Chinese President Xi Jinping’s speech in China’s 19th National Congress Party meeting on October 18 highlighted achievements and outlined future endeavours. President Xi spoke of his vision of development and stated that no country can develop in isolation and this speaks well for the future of the Belt and Road Initiative (BRI) and the China-Pakistan Economic Corridor (CPEC).
As President Xi Jinping takes China forward on the path of development and growth, this also provides ample opportunities for Pakistan to progress further through CPEC by capitalising on its enormous opportunities and realising inclusive growth it promises.
Keeping in view the challenges faced by today’s world, China’s Belt and Road Initiative aspires for a win-win cooperation, mutual development and shared prosperity with a vision to promote infrastructural development and socioeconomic uplift of the region. CPEC and BRI have similarities in terms of development and progress. The year 2013 was significant in that it witnessed the signing of the MoU on CPEC with Pakistan and the announcement of China’s One Belt One Road (OBOR) initiative by President Xi Jinping. The BRI provides exclusive opportunity to facilitate policy coordination and enable synergy for pursuing inter-connected development to accrue maximum benefits from this mega regional initiative.
Today, CPEC has emerged as the most successful corridor amongst the six existing corridors in BRI. The exemplary pace of CPEC speaks volumes about the hard work of our policymakers, engineers, workers and security personnel. The projects in the energy sector, transport infrastructure, industrial cooperation and Gwadar will create massive opportunities. Specifically, the improved transport infrastructure through highway projects and Railways Mainline One (ML-I) expansion and up-gradation project will change the dynamics of our businesses, transportation and tourism.
The introduction of a rail-based mass transit system in all provincial headquarters will transform the outlook of our major urban centers and lead to improved road and rail connectivity. As a result, massive opportunities for our young and skilled labour will be created, meeting the ever-growing need of a healthy and prosperous life.
The beginning of 2018 will mark the completion of the Early Harvest Phase of CPEC wherein critical bottlenecks of economic growth will be removed incrementally. The next challenges are industrial development, agriculture sector cooperation and timely completion of the Gwadar projects. Importantly, the shifting of reliance from imported fuel to indigenous sources of energy through completion of hydel, solar, wind and Thar coal mining projects will ensure energy security, reduce our import bill of fuel and will also provide cheaper electricity.
As some milestones are being achieved, some new timelines are being set. Completion of more projects will transfer the benefits of improved infrastructure and availability of electricity to the masses. This will improve productivity and bring foreign direct investment and foreign tourists to Pakistan, thereby ensuring well-rounded human development and common prosperity for everyone.

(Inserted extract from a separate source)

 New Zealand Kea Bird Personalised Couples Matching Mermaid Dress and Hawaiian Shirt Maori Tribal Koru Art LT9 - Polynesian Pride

The establishment of a consortium of business schools between top 10 universities/institutions is the stepping stone towards further engagement and collaboration in the field of research and policy formulation. During a recent visit of Chinese industrial experts, it was decided that vocational institutes would be set up across the country. Moreover, a study on developing Special Economic Zones with the Centre of New Structural Economics at Peking University will give a much-needed boost to our industry and HR development.

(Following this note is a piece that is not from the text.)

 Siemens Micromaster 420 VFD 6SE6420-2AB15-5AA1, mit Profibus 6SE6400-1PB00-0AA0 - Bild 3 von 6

The vision laid out by President Xi Jinping is a realistic plan of growth within its own characteristics, connectivity, and peaceful co-existence. All this supports CPEC and the development it entails. The rise of China to the centre stage of the world promises enormous opportunities to its trusted friend, Pakistan. There is a lot we can learn for nation-building, improving living standards, education and strengthening military.
However, as the Chinese saying goes, the last leg of a journey just marks the half-way point. The CPEC dream has also only entered the first stage and meeting the overall objectives will require hard work, national consensus, participation of all segments of society, a strong sense of responsibility and measured urgency by all stakeholders in CPEC.